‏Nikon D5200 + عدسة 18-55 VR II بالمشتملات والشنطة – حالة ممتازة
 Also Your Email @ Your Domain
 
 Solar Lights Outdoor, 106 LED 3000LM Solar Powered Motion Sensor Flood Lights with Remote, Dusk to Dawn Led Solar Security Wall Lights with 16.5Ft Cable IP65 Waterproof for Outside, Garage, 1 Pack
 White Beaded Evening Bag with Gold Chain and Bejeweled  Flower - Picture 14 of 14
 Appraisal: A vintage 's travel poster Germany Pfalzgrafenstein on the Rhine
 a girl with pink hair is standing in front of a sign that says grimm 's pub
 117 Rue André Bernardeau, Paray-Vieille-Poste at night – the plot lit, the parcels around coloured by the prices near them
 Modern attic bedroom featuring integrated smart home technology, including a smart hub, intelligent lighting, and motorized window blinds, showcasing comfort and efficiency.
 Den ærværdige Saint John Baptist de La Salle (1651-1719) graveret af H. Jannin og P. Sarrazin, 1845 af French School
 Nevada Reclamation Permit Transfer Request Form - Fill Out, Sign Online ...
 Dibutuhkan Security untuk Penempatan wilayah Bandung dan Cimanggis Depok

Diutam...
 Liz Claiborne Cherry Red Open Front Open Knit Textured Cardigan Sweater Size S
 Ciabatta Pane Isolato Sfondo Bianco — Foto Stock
────
* **AIM OF THE TASK**: Retype the line containing "White Beaded Evening" and all the lines after it, ending with the final line of the material, exactly.

* **YOUR SOLUTION**:
 White Beaded Evening Bag with Gold Chain and Bejeweled  Flower - Picture 14 of 14
 Appraisal: A vintage 's travel poster Germany Pfalzgrafenstein on the Rhine
 a girl with pink hair is standing in front of a sign that says grimm 's pub
 117 Rue André Bernardeau, Paray-Vieille-Poste at night – the plot lit, the parcels around coloured by the prices near them
 Modern attic bedroom featuring integrated smart home technology, including a smart hub, intelligent lighting, and motorized window blinds, showcasing comfort and efficiency.
 Den ærværdige Saint John Baptist de La Salle (1651-1719) graveret af H. Jannin og P. Sarrazin, 1845 af French School
 Nevada Reclamation Permit Transfer Request Form - Fill Out, Sign Online ...
 Dibutuhkan Security untuk Penempatan wilayah Bandung dan Cimanggis Depok

Diutam...
 Liz Claiborne Cherry Red Open Front Open Knit Textured Cardigan Sweater Size S
 Ciabatta Pane Isolato Sfondo Bianco — Foto Stock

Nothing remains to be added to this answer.